**Exercise prompt**
Below are records to write out exactly; drop the pictures when you do.

[Source data Boundary: Start]

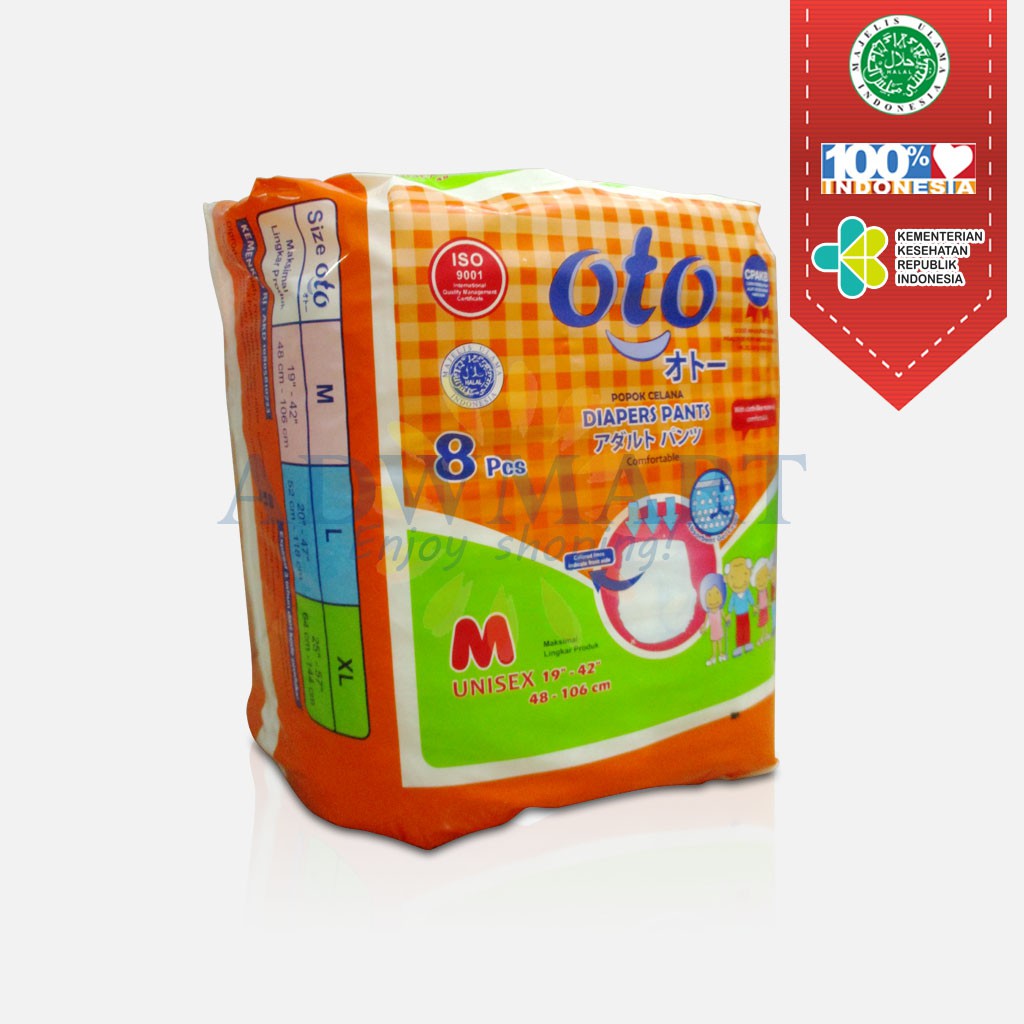 POPOK DEWASA CELANA OTO PANTS M8 DIAPERS DEWASA POPOK DEWASA M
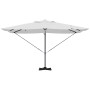 Parasol Roma de Brazo Lateral Beige y Negro 352 x 251 x 265 cm
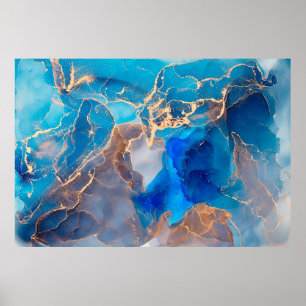 Strömungen von durchsichtigen Farbtönen, schlängel Poster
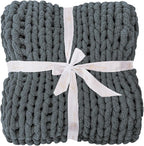 Bigacogo Chunky Knit Throw Blanket - Image 8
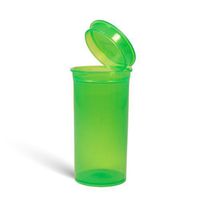 13 Dram Squeeze Pop Top Prescription Container Pill Bottle Tubes Doob RX (25 Count, Green)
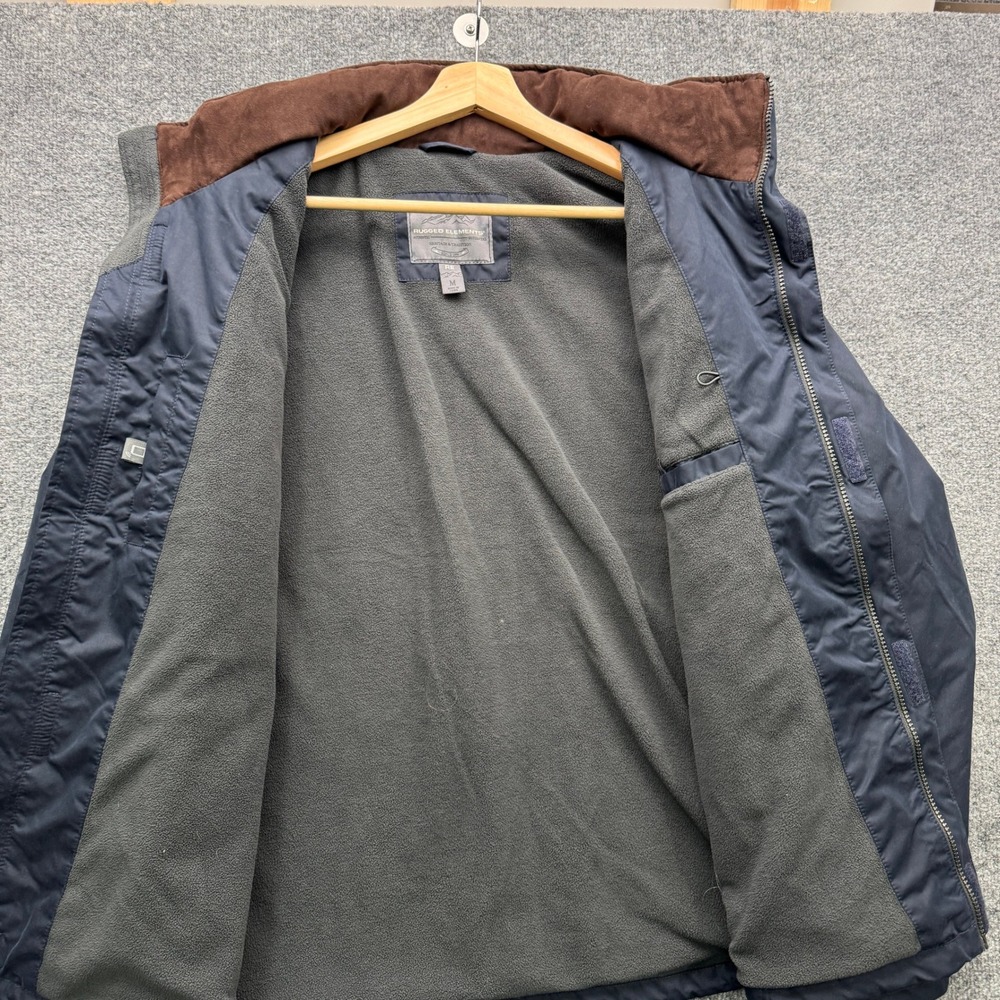 Rugged Elements Jacket Mens Medium Navy Blue Flee… - image 3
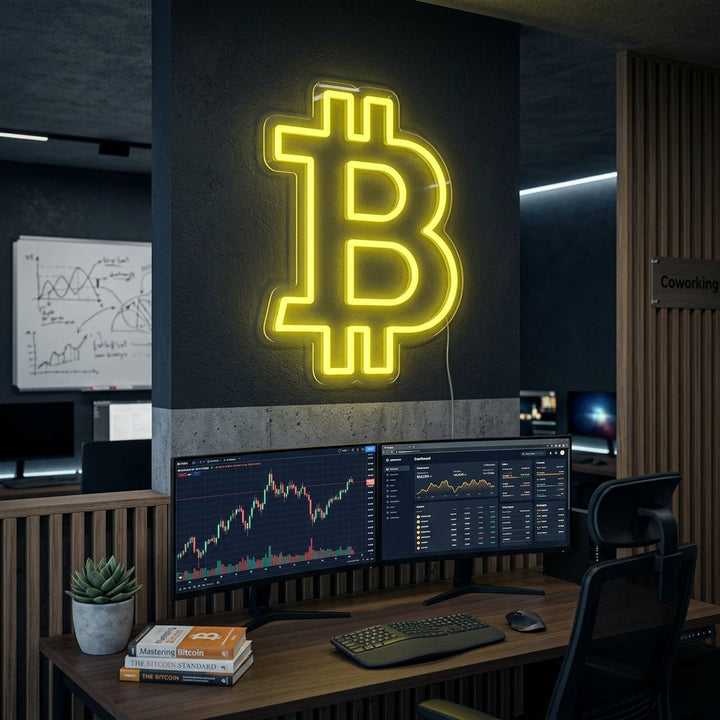 "Bitcoin B" Neonskilt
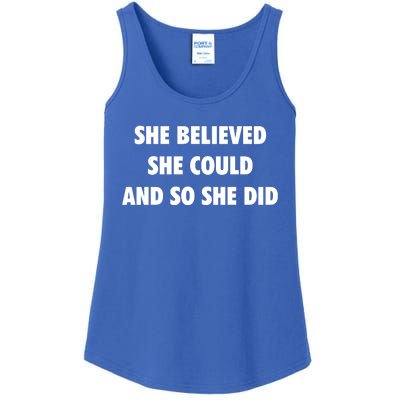 She Believed She Could And So She Did Gift Ladies Essential Tank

[Source data Boundary: End]

**Solution to this exercise**
 POPOK DEWASA CELANA OTO PANTS M8 DIAPERS DEWASA POPOK DEWASA M
 Parasol Roma de Brazo Lateral Beige y Negro 352 x 251 x 265 cm
 Strömungen von durchsichtigen Farbtönen, schlängel Poster
 Bigacogo Chunky Knit Throw Blanket - Image 8
 13 Dram Squeeze Pop Top Prescription Container Pill Bottle Tubes Doob RX (25 Count, Green)
 Rugged Elements Jacket Mens Medium Navy Blue Flee… - image 3
 "Bitcoin B" Neonskilt
 She Believed She Could And So She Did Gift Ladies Essential Tank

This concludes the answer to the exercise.